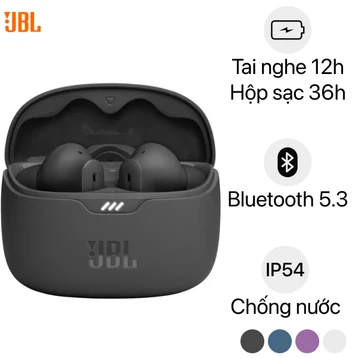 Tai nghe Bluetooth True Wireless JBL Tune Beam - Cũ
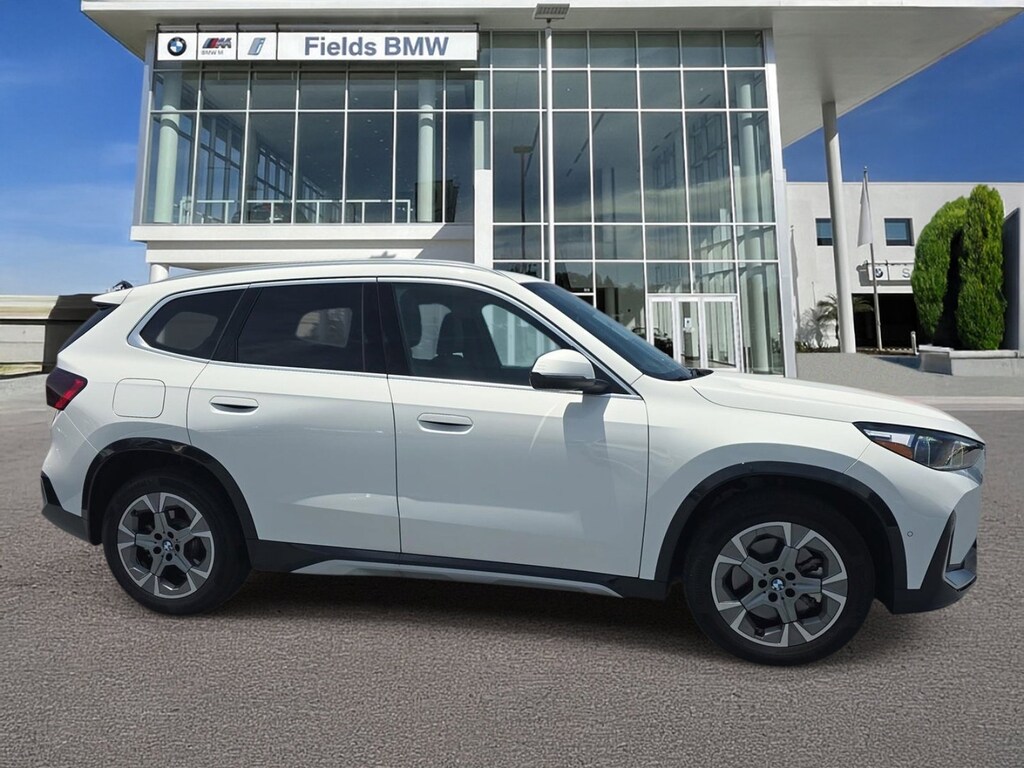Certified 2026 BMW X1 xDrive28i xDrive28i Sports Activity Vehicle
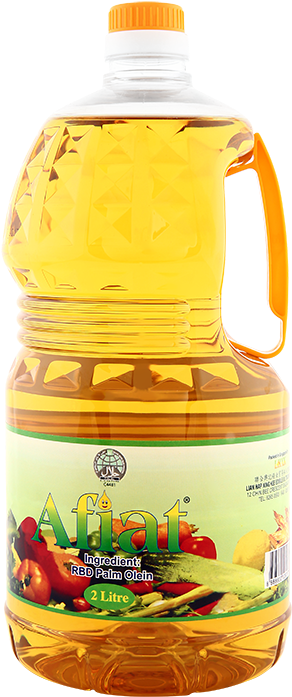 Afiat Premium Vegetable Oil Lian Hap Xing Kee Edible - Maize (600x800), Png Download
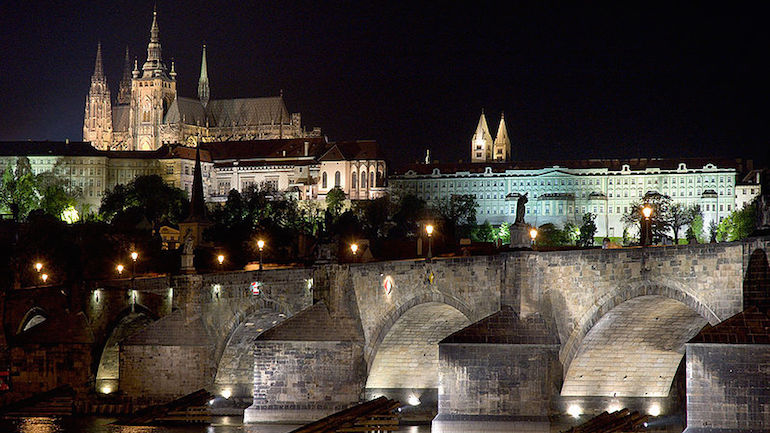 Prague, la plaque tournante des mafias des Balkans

****************

TASK PROMPT. Beginning with the line where "Afiat Premium Vegetable" appears, restate word for word every line down to the last one in the data, but keep the pictures out.

TASK RESPONSE.
 Afiat Premium Vegetable Oil Lian Hap Xing Kee Edible - Maize (600x800), Png Download
 Prague, la plaque tournante des mafias des Balkans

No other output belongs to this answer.